*Work order*:
The whole listing is to be reproduced exactly as given.

======== Data

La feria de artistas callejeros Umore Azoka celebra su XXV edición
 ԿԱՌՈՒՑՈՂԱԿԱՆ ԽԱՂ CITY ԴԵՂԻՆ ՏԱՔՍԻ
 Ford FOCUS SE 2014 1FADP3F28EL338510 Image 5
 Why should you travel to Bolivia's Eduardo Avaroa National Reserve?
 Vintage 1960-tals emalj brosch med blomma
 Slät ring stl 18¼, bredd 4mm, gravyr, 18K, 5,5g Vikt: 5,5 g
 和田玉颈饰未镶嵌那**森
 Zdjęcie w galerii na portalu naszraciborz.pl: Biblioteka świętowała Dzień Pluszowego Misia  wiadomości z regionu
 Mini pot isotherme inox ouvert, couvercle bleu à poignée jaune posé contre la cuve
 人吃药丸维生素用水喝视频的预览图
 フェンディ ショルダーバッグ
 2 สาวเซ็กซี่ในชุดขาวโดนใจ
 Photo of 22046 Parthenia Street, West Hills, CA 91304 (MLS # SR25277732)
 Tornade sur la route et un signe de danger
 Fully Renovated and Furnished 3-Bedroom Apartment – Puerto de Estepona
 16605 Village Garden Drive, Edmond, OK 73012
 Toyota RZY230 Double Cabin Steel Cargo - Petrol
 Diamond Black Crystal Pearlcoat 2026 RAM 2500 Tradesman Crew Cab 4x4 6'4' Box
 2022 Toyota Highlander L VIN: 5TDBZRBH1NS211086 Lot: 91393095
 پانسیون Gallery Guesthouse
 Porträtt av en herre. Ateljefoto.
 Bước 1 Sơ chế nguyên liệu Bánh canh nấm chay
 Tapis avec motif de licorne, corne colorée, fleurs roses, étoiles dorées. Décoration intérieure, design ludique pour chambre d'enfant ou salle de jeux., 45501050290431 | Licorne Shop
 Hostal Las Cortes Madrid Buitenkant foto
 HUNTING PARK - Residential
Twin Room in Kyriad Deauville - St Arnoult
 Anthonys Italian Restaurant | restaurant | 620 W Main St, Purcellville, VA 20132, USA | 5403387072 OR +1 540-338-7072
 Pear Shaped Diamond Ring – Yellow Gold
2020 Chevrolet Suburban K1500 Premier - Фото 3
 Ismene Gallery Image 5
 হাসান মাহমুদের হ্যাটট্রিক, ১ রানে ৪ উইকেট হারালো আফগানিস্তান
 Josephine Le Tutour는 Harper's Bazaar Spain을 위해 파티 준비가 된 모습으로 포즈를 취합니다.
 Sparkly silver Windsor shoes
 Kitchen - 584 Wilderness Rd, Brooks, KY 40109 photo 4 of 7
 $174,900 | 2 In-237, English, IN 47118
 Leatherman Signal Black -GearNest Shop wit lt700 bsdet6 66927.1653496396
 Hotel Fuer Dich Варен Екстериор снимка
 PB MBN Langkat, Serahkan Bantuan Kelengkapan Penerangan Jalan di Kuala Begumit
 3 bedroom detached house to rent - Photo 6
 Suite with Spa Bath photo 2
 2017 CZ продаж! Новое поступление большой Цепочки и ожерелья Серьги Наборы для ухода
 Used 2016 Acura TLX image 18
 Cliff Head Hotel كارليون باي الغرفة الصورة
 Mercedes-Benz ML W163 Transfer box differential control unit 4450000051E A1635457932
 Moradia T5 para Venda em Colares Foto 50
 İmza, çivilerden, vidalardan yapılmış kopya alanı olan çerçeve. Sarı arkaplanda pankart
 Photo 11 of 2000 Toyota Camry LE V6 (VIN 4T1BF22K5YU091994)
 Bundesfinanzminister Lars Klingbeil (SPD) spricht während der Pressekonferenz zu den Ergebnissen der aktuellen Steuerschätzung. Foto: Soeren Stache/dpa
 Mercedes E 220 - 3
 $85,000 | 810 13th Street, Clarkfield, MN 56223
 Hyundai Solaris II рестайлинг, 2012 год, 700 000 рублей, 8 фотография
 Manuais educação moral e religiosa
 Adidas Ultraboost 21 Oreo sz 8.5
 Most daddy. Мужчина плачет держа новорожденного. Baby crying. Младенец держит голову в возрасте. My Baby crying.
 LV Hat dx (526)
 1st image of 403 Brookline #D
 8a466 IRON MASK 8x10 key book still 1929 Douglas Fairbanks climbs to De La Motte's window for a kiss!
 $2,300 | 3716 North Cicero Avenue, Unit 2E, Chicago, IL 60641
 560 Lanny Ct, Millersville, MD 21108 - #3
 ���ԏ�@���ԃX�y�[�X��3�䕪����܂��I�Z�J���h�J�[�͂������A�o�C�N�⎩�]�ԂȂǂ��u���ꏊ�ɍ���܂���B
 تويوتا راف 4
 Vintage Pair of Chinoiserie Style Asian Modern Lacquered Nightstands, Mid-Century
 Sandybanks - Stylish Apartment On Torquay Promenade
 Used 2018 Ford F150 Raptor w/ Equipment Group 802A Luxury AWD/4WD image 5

================

*Solved exercise*:
La feria de artistas callejeros Umore Azoka celebra su XXV edición
 ԿԱՌՈՒՑՈՂԱԿԱՆ ԽԱՂ CITY ԴԵՂԻՆ ՏԱՔՍԻ
 Ford FOCUS SE 2014 1FADP3F28EL338510 Image 5
 Why should you travel to Bolivia's Eduardo Avaroa National Reserve?
 Vintage 1960-tals emalj brosch med blomma
 Slät ring stl 18¼, bredd 4mm, gravyr, 18K, 5,5g Vikt: 5,5 g
 和田玉颈饰未镶嵌那**森
 Zdjęcie w galerii na portalu naszraciborz.pl: Biblioteka świętowała Dzień Pluszowego Misia  wiadomości z regionu
 Mini pot isotherme inox ouvert, couvercle bleu à poignée jaune posé contre la cuve
 人吃药丸维生素用水喝视频的预览图
 フェンディ ショルダーバッグ
 2 สาวเซ็กซี่ในชุดขาวโดนใจ
 Photo of 22046 Parthenia Street, West Hills, CA 91304 (MLS # SR25277732)
 Tornade sur la route et un signe de danger
 Fully Renovated and Furnished 3-Bedroom Apartment – Puerto de Estepona
 16605 Village Garden Drive, Edmond, OK 73012
 Toyota RZY230 Double Cabin Steel Cargo - Petrol
 Diamond Black Crystal Pearlcoat 2026 RAM 2500 Tradesman Crew Cab 4x4 6'4' Box
 2022 Toyota Highlander L VIN: 5TDBZRBH1NS211086 Lot: 91393095
 پانسیون Gallery Guesthouse
 Porträtt av en herre. Ateljefoto.
 Bước 1 Sơ chế nguyên liệu Bánh canh nấm chay
 Tapis avec motif de licorne, corne colorée, fleurs roses, étoiles dorées. Décoration intérieure, design ludique pour chambre d'enfant ou salle de jeux., 45501050290431 | Licorne Shop
 Hostal Las Cortes Madrid Buitenkant foto
 HUNTING PARK - Residential
Twin Room in Kyriad Deauville - St Arnoult
 Anthonys Italian Restaurant | restaurant | 620 W Main St, Purcellville, VA 20132, USA | 5403387072 OR +1 540-338-7072
 Pear Shaped Diamond Ring – Yellow Gold
2020 Chevrolet Suburban K1500 Premier - Фото 3
 Ismene Gallery Image 5
 হাসান মাহমুদের হ্যাটট্রিক, ১ রানে ৪ উইকেট হারালো আফগানিস্তান
 Josephine Le Tutour는 Harper's Bazaar Spain을 위해 파티 준비가 된 모습으로 포즈를 취합니다.
 Sparkly silver Windsor shoes
 Kitchen - 584 Wilderness Rd, Brooks, KY 40109 photo 4 of 7
 $174,900 | 2 In-237, English, IN 47118
 Leatherman Signal Black -GearNest Shop wit lt700 bsdet6 66927.1653496396
 Hotel Fuer Dich Варен Екстериор снимка
 PB MBN Langkat, Serahkan Bantuan Kelengkapan Penerangan Jalan di Kuala Begumit
 3 bedroom detached house to rent - Photo 6
 Suite with Spa Bath photo 2
 2017 CZ продаж! Новое поступление большой Цепочки и ожерелья Серьги Наборы для ухода
 Used 2016 Acura TLX image 18
 Cliff Head Hotel كارليون باي الغرفة الصورة
 Mercedes-Benz ML W163 Transfer box differential control unit 4450000051E A1635457932
 Moradia T5 para Venda em Colares Foto 50
 İmza, çivilerden, vidalardan yapılmış kopya alanı olan çerçeve. Sarı arkaplanda pankart
 Photo 11 of 2000 Toyota Camry LE V6 (VIN 4T1BF22K5YU091994)
 Bundesfinanzminister Lars Klingbeil (SPD) spricht während der Pressekonferenz zu den Ergebnissen der aktuellen Steuerschätzung. Foto: Soeren Stache/dpa
 Mercedes E 220 - 3
 $85,000 | 810 13th Street, Clarkfield, MN 56223
 Hyundai Solaris II рестайлинг, 2012 год, 700 000 рублей, 8 фотография
 Manuais educação moral e religiosa
 Adidas Ultraboost 21 Oreo sz 8.5
 Most daddy. Мужчина плачет держа новорожденного. Baby crying. Младенец держит голову в возрасте. My Baby crying.
 LV Hat dx (526)
 1st image of 403 Brookline #D
 8a466 IRON MASK 8x10 key book still 1929 Douglas Fairbanks climbs to De La Motte's window for a kiss!
 $2,300 | 3716 North Cicero Avenue, Unit 2E, Chicago, IL 60641
 560 Lanny Ct, Millersville, MD 21108 - #3
 ���ԏ�@���ԃX�y�[�X��3�䕪����܂��I�Z�J���h�J�[�͂������A�o�C�N�⎩�]�ԂȂǂ��u���ꏊ�ɍ���܂���B
 تويوتا راف 4
 Vintage Pair of Chinoiserie Style Asian Modern Lacquered Nightstands, Mid-Century
 Sandybanks - Stylish Apartment On Torquay Promenade
 Used 2018 Ford F150 Raptor w/ Equipment Group 802A Luxury AWD/4WD image 5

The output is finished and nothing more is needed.